INSTRUCTIONS FOR THE TASK ->
In the entries that follow, find the line containing "Pearl earrings with"; from there, copy every line exactly through the line containing "Whole citrus fruits".

DATA FOR REVIEW ->
※ ※ ※

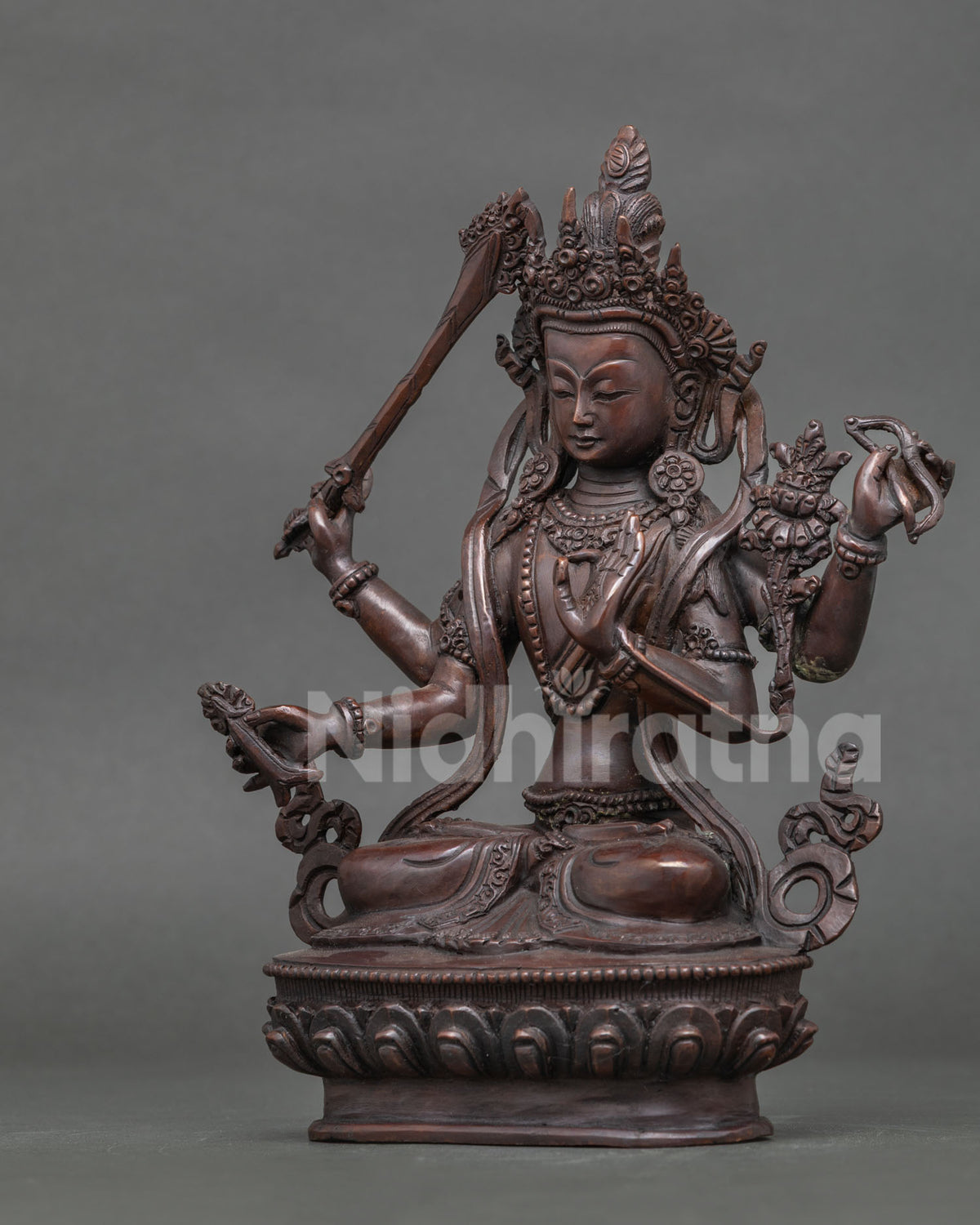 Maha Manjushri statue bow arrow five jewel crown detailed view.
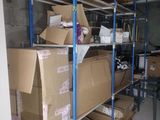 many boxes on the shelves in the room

※ ※ ※

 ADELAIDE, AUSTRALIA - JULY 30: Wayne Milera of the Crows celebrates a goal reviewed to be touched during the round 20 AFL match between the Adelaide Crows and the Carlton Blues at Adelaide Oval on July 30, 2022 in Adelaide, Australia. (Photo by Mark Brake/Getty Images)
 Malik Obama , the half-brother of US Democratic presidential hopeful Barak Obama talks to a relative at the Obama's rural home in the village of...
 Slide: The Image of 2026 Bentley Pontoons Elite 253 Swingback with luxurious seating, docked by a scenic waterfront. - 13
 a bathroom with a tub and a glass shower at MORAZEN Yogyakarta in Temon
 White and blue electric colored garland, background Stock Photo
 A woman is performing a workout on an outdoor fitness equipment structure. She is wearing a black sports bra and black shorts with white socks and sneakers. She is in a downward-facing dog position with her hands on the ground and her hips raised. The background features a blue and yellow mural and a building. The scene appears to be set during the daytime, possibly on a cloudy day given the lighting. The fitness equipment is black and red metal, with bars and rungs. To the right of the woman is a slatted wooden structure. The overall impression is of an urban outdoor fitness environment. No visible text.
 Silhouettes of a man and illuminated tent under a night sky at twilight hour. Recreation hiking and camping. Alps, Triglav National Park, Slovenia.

※ ※ ※

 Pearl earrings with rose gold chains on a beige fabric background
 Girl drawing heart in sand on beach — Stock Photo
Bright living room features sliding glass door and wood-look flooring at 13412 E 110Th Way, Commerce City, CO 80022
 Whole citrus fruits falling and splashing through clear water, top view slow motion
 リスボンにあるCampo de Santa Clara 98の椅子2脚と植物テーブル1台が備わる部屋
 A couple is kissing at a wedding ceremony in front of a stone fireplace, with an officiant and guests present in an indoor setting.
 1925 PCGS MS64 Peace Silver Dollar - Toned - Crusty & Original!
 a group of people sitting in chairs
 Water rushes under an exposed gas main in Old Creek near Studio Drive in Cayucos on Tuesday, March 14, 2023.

※ ※ ※

EXERCISE ANSWER ->
 Pearl earrings with rose gold chains on a beige fabric background
 Girl drawing heart in sand on beach — Stock Photo
Bright living room features sliding glass door and wood-look flooring at 13412 E 110Th Way, Commerce City, CO 80022
 Whole citrus fruits falling and splashing through clear water, top view slow motion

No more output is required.